**YOUR TASK:**
For the records below, please print exactly and only the lines from the one with "Vends Grande maison" down to the one with "2021 Ford Explorer Limited HEV 4WD's photo", both ends included, omitting the pictures.

**MATERIAL PROVIDED:**
%%

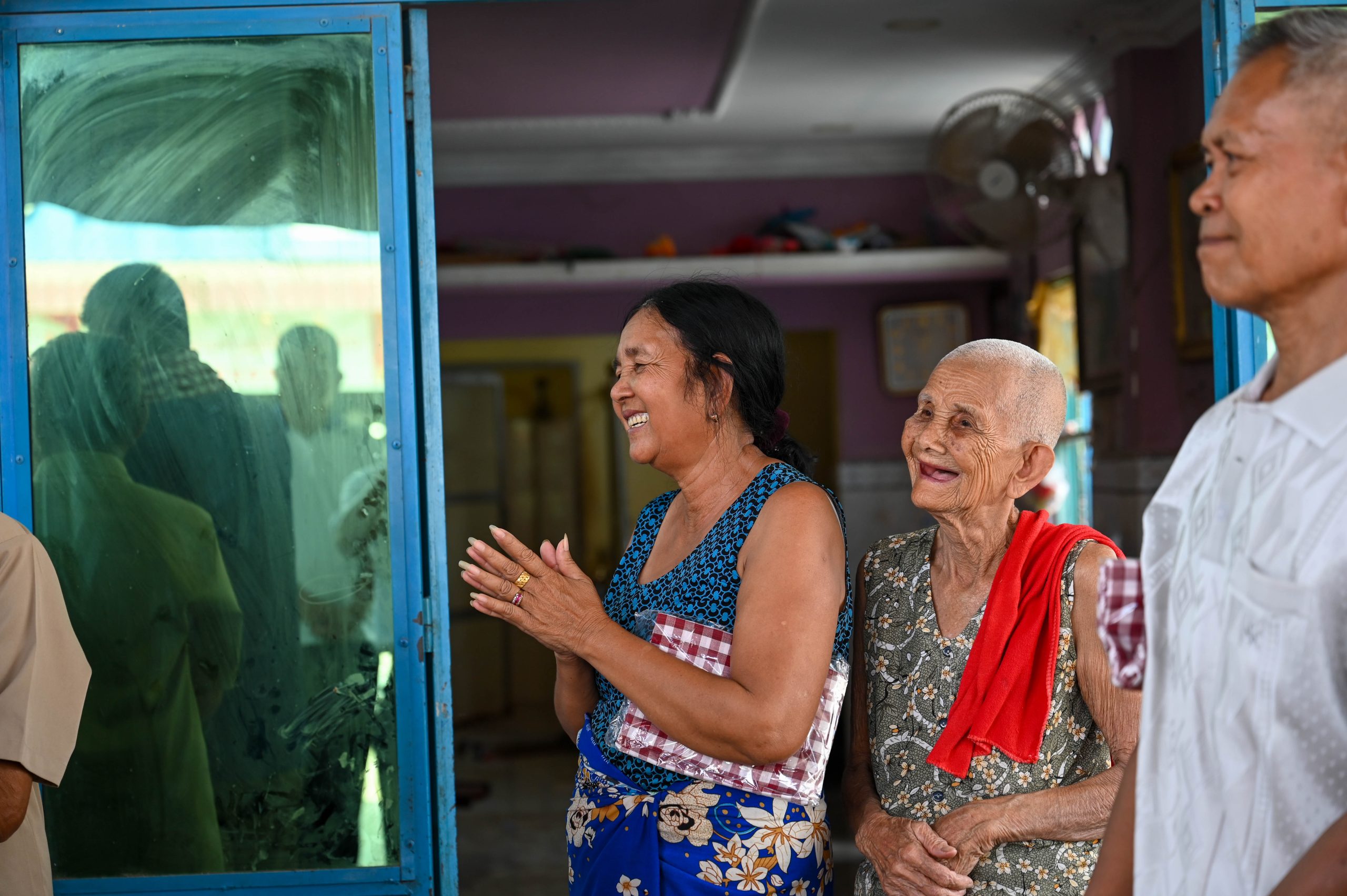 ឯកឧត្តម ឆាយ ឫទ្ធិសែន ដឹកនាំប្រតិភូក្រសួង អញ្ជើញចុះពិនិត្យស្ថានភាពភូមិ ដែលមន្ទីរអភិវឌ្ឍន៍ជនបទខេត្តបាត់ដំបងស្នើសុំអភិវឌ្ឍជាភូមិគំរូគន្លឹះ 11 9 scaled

%%
%%

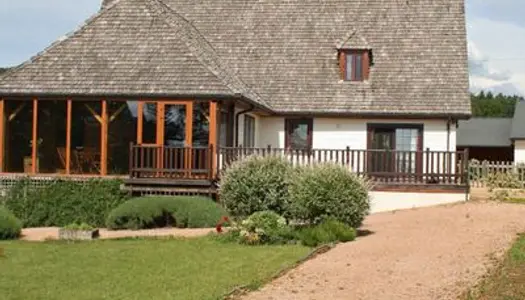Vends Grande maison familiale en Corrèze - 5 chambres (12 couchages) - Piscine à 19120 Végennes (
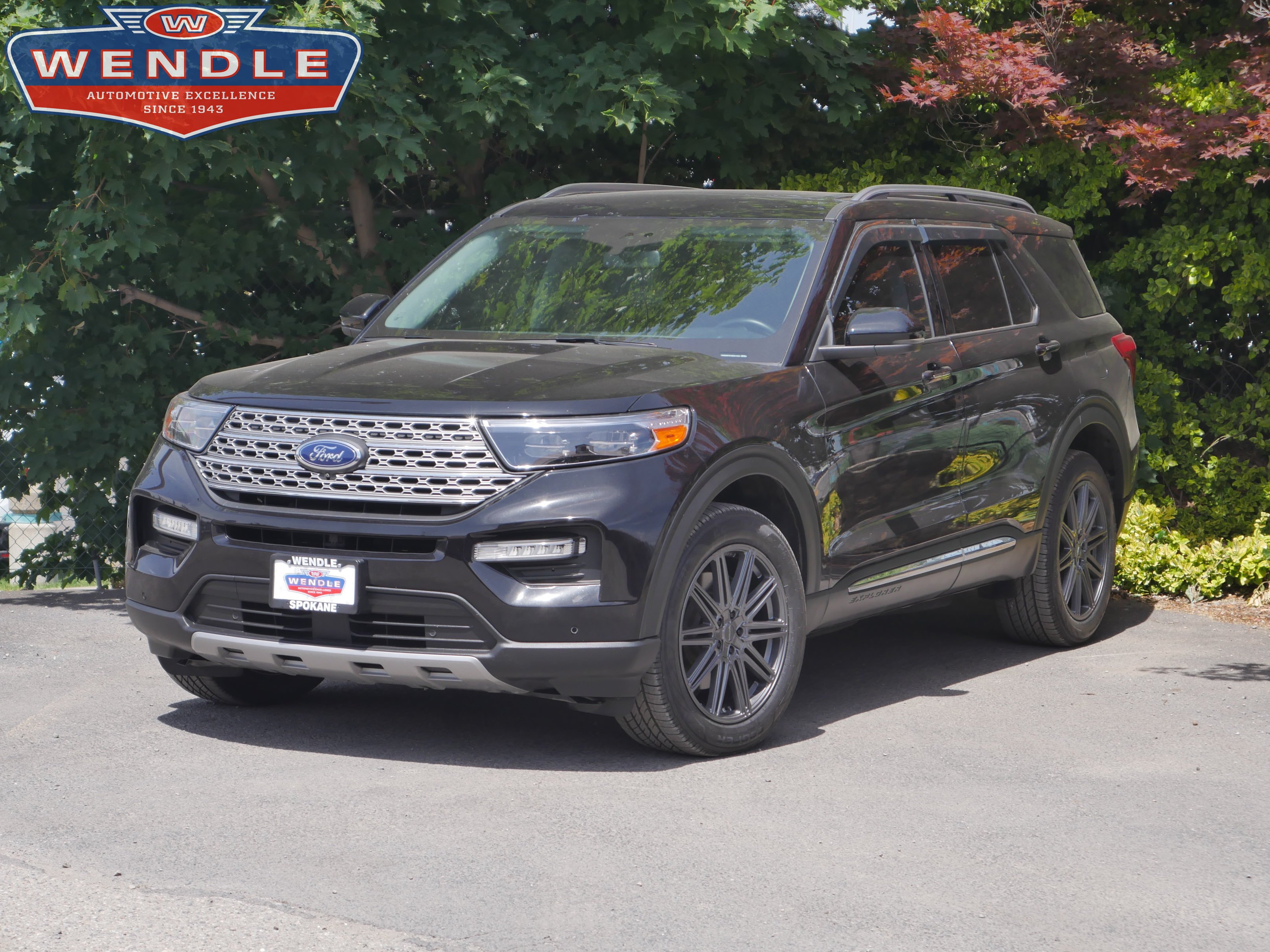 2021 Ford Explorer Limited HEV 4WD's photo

%%
%%

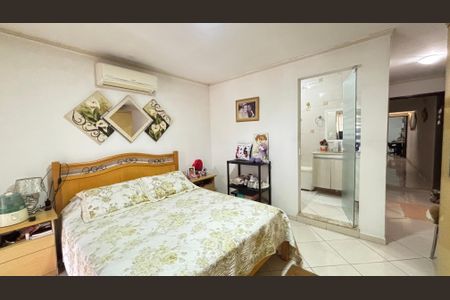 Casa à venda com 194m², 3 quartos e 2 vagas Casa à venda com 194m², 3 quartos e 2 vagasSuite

%%

**TASK SOLUTION:**
Vends Grande maison familiale en Corrèze - 5 chambres (12 couchages) - Piscine à 19120 Végennes (
 2021 Ford Explorer Limited HEV 4WD's photo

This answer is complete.